Your assignment >> Your task is to print all of the data word for word.
#### Given data ####
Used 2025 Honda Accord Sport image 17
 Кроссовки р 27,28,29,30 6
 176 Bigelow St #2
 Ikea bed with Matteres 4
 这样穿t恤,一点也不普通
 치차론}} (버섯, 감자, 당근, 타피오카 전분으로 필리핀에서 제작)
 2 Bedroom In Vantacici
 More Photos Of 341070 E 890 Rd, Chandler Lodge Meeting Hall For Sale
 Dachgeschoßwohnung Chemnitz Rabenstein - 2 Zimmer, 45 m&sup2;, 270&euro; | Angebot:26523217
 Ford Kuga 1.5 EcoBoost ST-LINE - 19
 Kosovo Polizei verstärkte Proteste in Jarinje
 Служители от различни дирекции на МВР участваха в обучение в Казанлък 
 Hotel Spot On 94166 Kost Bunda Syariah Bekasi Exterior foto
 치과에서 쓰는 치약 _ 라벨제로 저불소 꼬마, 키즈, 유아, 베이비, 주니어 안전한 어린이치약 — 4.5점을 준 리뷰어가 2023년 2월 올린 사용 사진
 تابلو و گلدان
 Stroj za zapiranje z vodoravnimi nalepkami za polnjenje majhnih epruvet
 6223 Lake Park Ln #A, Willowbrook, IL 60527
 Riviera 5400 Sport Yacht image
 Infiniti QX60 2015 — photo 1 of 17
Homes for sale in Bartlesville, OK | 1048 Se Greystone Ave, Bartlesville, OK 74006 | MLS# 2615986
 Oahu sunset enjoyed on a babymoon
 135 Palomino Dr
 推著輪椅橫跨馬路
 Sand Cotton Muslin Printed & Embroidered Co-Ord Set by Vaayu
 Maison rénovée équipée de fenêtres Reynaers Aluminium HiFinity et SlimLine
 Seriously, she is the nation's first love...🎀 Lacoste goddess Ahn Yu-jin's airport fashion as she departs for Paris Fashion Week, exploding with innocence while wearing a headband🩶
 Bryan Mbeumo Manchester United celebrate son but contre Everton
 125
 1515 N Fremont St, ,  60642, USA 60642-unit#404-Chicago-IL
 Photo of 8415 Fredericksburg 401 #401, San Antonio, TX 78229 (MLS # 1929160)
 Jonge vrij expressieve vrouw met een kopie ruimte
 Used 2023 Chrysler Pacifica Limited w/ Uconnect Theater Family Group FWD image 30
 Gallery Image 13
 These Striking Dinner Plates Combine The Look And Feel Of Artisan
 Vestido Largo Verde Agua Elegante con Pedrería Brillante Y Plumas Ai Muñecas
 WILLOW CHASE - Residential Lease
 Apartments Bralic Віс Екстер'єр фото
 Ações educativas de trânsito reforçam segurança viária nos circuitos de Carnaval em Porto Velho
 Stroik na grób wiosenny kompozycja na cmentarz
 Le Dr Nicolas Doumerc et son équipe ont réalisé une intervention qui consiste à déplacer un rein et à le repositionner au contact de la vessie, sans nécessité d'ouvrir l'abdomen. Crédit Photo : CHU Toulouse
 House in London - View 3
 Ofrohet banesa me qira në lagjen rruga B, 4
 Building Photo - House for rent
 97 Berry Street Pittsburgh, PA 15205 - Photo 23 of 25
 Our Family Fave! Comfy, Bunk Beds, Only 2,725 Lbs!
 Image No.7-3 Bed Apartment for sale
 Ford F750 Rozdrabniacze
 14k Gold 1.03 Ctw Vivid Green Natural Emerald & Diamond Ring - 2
####
Your response >>
Used 2025 Honda Accord Sport image 17
 Кроссовки р 27,28,29,30 6
 176 Bigelow St #2
 Ikea bed with Matteres 4
 这样穿t恤,一点也不普通
 치차론}} (버섯, 감자, 당근, 타피오카 전분으로 필리핀에서 제작)
 2 Bedroom In Vantacici
 More Photos Of 341070 E 890 Rd, Chandler Lodge Meeting Hall For Sale
 Dachgeschoßwohnung Chemnitz Rabenstein - 2 Zimmer, 45 m&sup2;, 270&euro; | Angebot:26523217
 Ford Kuga 1.5 EcoBoost ST-LINE - 19
 Kosovo Polizei verstärkte Proteste in Jarinje
 Служители от различни дирекции на МВР участваха в обучение в Казанлък 
 Hotel Spot On 94166 Kost Bunda Syariah Bekasi Exterior foto
 치과에서 쓰는 치약 _ 라벨제로 저불소 꼬마, 키즈, 유아, 베이비, 주니어 안전한 어린이치약 — 4.5점을 준 리뷰어가 2023년 2월 올린 사용 사진
 تابلو و گلدان
 Stroj za zapiranje z vodoravnimi nalepkami za polnjenje majhnih epruvet
 6223 Lake Park Ln #A, Willowbrook, IL 60527
 Riviera 5400 Sport Yacht image
 Infiniti QX60 2015 — photo 1 of 17
Homes for sale in Bartlesville, OK | 1048 Se Greystone Ave, Bartlesville, OK 74006 | MLS# 2615986
 Oahu sunset enjoyed on a babymoon
 135 Palomino Dr
 推著輪椅橫跨馬路
 Sand Cotton Muslin Printed & Embroidered Co-Ord Set by Vaayu
 Maison rénovée équipée de fenêtres Reynaers Aluminium HiFinity et SlimLine
 Seriously, she is the nation's first love...🎀 Lacoste goddess Ahn Yu-jin's airport fashion as she departs for Paris Fashion Week, exploding with innocence while wearing a headband🩶
 Bryan Mbeumo Manchester United celebrate son but contre Everton
 125
 1515 N Fremont St, ,  60642, USA 60642-unit#404-Chicago-IL
 Photo of 8415 Fredericksburg 401 #401, San Antonio, TX 78229 (MLS # 1929160)
 Jonge vrij expressieve vrouw met een kopie ruimte
 Used 2023 Chrysler Pacifica Limited w/ Uconnect Theater Family Group FWD image 30
 Gallery Image 13
 These Striking Dinner Plates Combine The Look And Feel Of Artisan
 Vestido Largo Verde Agua Elegante con Pedrería Brillante Y Plumas Ai Muñecas
 WILLOW CHASE - Residential Lease
 Apartments Bralic Віс Екстер'єр фото
 Ações educativas de trânsito reforçam segurança viária nos circuitos de Carnaval em Porto Velho
 Stroik na grób wiosenny kompozycja na cmentarz
 Le Dr Nicolas Doumerc et son équipe ont réalisé une intervention qui consiste à déplacer un rein et à le repositionner au contact de la vessie, sans nécessité d'ouvrir l'abdomen. Crédit Photo : CHU Toulouse
 House in London - View 3
 Ofrohet banesa me qira në lagjen rruga B, 4
 Building Photo - House for rent
 97 Berry Street Pittsburgh, PA 15205 - Photo 23 of 25
 Our Family Fave! Comfy, Bunk Beds, Only 2,725 Lbs!
 Image No.7-3 Bed Apartment for sale
 Ford F750 Rozdrabniacze
 14k Gold 1.03 Ctw Vivid Green Natural Emerald & Diamond Ring - 2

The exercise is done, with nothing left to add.